はじめまして。


BL小説を書いております、やぴと申します。
こちらは男同士の恋愛小説となっております。
ストーリーの関係上、性描写があります。
ご理解いただける方のみ、自己責任において閲覧ください。
実際は小説と呼べるほどのものでもなく、趣味で書いていますので、稚拙な文章ではありますが楽しく読んで頂けると幸いです。

コメントなど気軽に頂けると嬉しいです。
誹謗中傷などの心無いコメントは当方で削除させていただきます。ご了承下さい。

ヒナおじいちゃんに会いに行く 3 [ヒナおじいちゃんに会いに行く]

ルークが帰った後、ヒナを心配したダンが部屋に行くと、帽子をかぶったヒナがブーツの紐を不器用に結んでいた。ちょうどよかったとばかりにダンを見る。

どこへ行くのか、あえて聞く気にもなれなかった。

「ねぇヒナ。出掛けるのはお昼を食べてからにしません?時間が中途半端過ぎますよ」ダンはそう言いながらも、ヒナの前に立って不格好に乗っかる帽子を直した。

「いま行く」ヒナが頑固に言う。

「今はちょうどカイルも忙しい時間です。もう少し後にした方がゆっくり出来ますよ」きっとヒナは何を言っても引き下がらない。それなら僕は……従者としての役目を果たすべきだ。

ダンは跪き、ヒナの足を取った。しゅるりと紐を解き、結び直す。

「ダンがブルゥとゆっくりしたいんでしょ」

な、なんてことを言うんだ!

「僕はヒナの為に言っているんですよ」そりゃ、ブルーノに会えるのは嬉しいけど、それは二の次。
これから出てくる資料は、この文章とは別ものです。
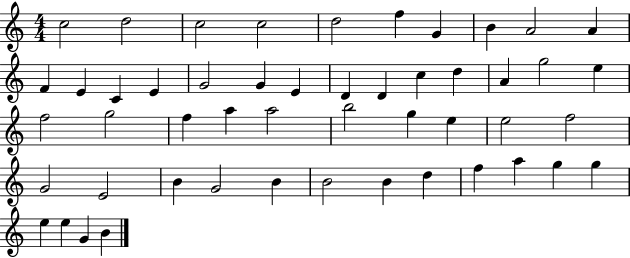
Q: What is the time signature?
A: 4/4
これでも僕は、ヒナの為になることを一番に考えている。

そこはヒナもちゃんとわかっている。「ダン、ありがと」

「別に、いいんですよ……」ああ、もうッ!「さあ、急がないと。僕たちには時間がないんですから」

ヒナはムフフと笑った。

僕はヒナの策に引っ掛かったのだろうか?でもまあ、いい。ヒナはカイルにルークが来たことを話したがっているし、僕はブルーノに会いたい。だって、もう二日も会っていないんだから。

二人は裏口から通りに出て、小走りに帽子屋を目指した。昼食までには何としても屋敷に戻るためだ。念のために書置きは残しておいたし、何人かの使用人は二人が出掛けるところを目撃している。
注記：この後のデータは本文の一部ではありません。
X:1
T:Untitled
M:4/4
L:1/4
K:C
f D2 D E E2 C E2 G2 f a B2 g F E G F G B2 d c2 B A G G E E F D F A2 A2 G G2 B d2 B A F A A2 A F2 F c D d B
何度かヒナは帽子屋には行っている。でもいつも旦那様かクロフト卿が一緒で、従者と二人きりだったことはない。

ああ……これが旦那様に知れたら僕はどうなっちゃうんだろう?

ダンはヒナの手をしっかりと握って、通りを駆け抜けた。いくらこの辺りの治安がいいとはいえ、完全に安全というわけじゃない。いざとなればヒナを守れるように、ダンはポケットにナイフを忍ばせていたが、出来ればこれを使う事態にならないことを願うばかりだ。

帽子屋が目の前に見えると、二人は歩調を緩めた。馬車の行き交う通りを用心して渡ると、住居側のドアをノックした。

「ヒナ、話が終わったらすぐに帰りますからね」ダンは息を切らせながら念を押した。

「はぁい」ヒナはほとんど息を乱していなかった。さすが、いつもちょろちょろしているだけある。

すぐにドアは開き、ブルーノが顔を覗かせた。執事姿のブルーノはいつもに増して素敵だけど、キッチンに立っているときの方がもっと好きかな。

「お前たち、何してる?」

驚いて当然。

「こんにちは、ブルーノ。カイルはいますか?」ダンは訪問者らしく答えた。